## Work instruction
Below is a listing. Set down exactly the lines from the one containing "Photo 7 from" through the one containing "No seu desenvolvimento, o", both ends included, and leave out the rest.

## Given information
- - - - - - -

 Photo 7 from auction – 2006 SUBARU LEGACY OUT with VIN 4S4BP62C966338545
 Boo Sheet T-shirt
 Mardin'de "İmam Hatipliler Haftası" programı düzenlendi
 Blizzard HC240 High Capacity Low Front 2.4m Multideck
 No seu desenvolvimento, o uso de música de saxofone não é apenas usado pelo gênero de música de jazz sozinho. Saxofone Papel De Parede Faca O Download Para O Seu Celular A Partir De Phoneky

- - - - - - -

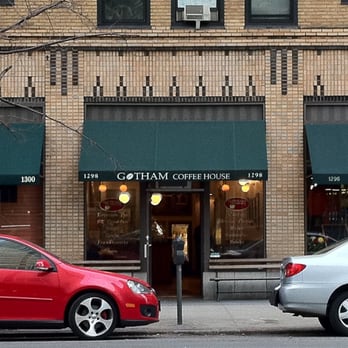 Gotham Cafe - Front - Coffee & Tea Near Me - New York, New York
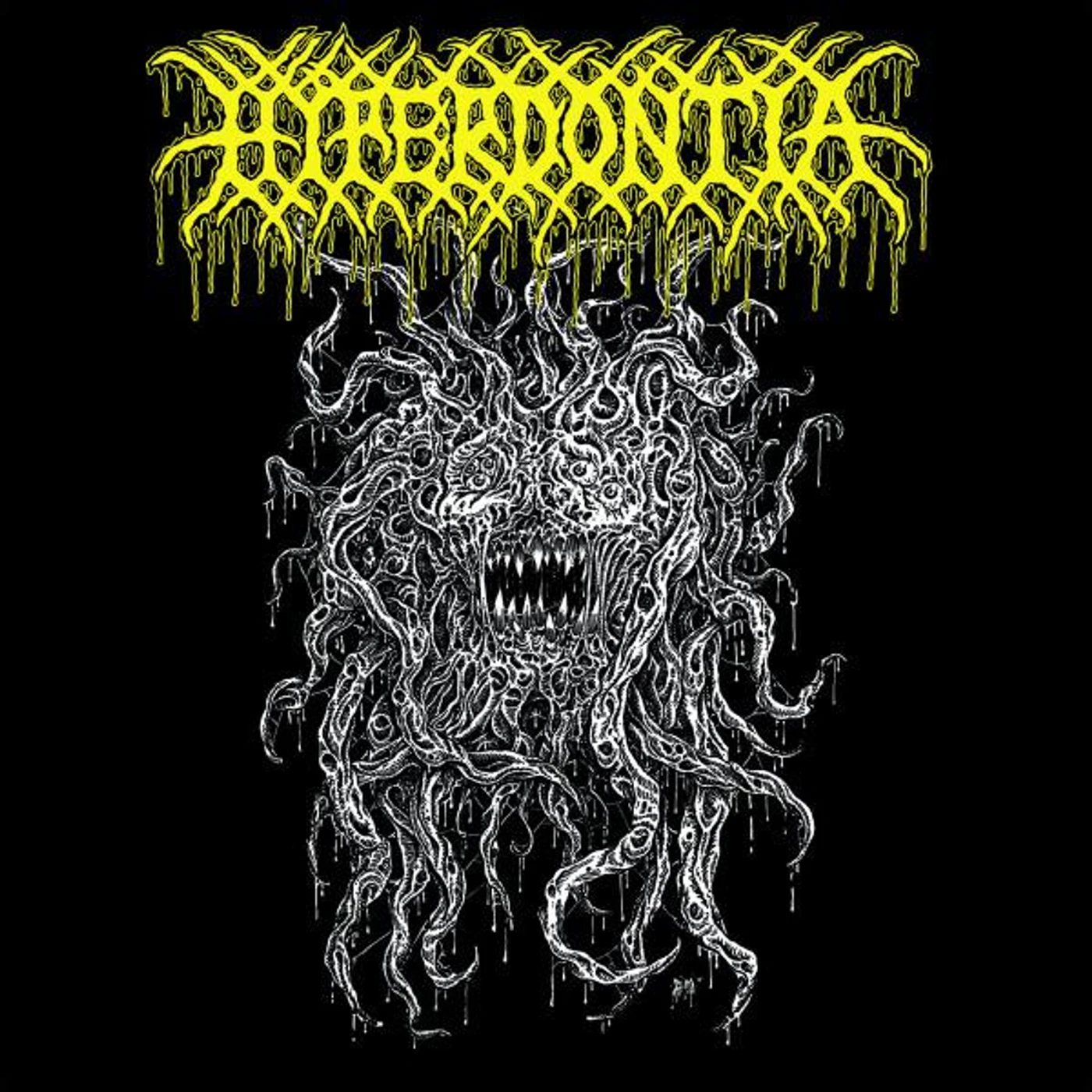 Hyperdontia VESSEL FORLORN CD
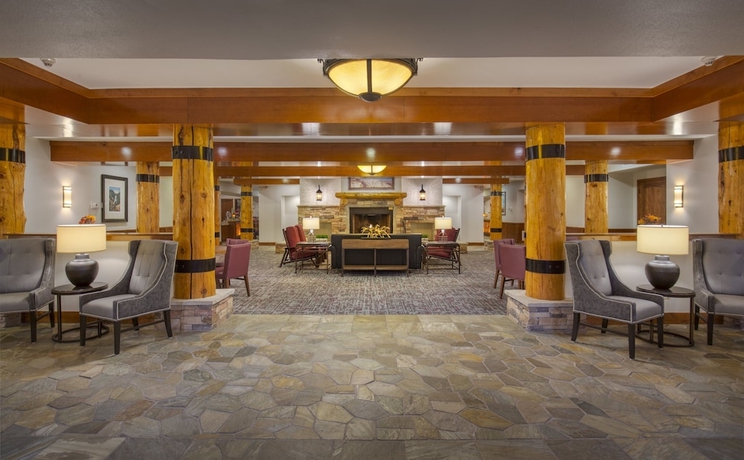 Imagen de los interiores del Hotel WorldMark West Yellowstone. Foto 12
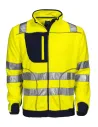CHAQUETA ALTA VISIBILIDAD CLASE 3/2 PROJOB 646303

- - - - - - -

## Expected answer
 Photo 7 from auction – 2006 SUBARU LEGACY OUT with VIN 4S4BP62C966338545
 Boo Sheet T-shirt
 Mardin'de "İmam Hatipliler Haftası" programı düzenlendi
 Blizzard HC240 High Capacity Low Front 2.4m Multideck
 No seu desenvolvimento, o uso de música de saxofone não é apenas usado pelo gênero de música de jazz sozinho. Saxofone Papel De Parede Faca O Download Para O Seu Celular A Partir De Phoneky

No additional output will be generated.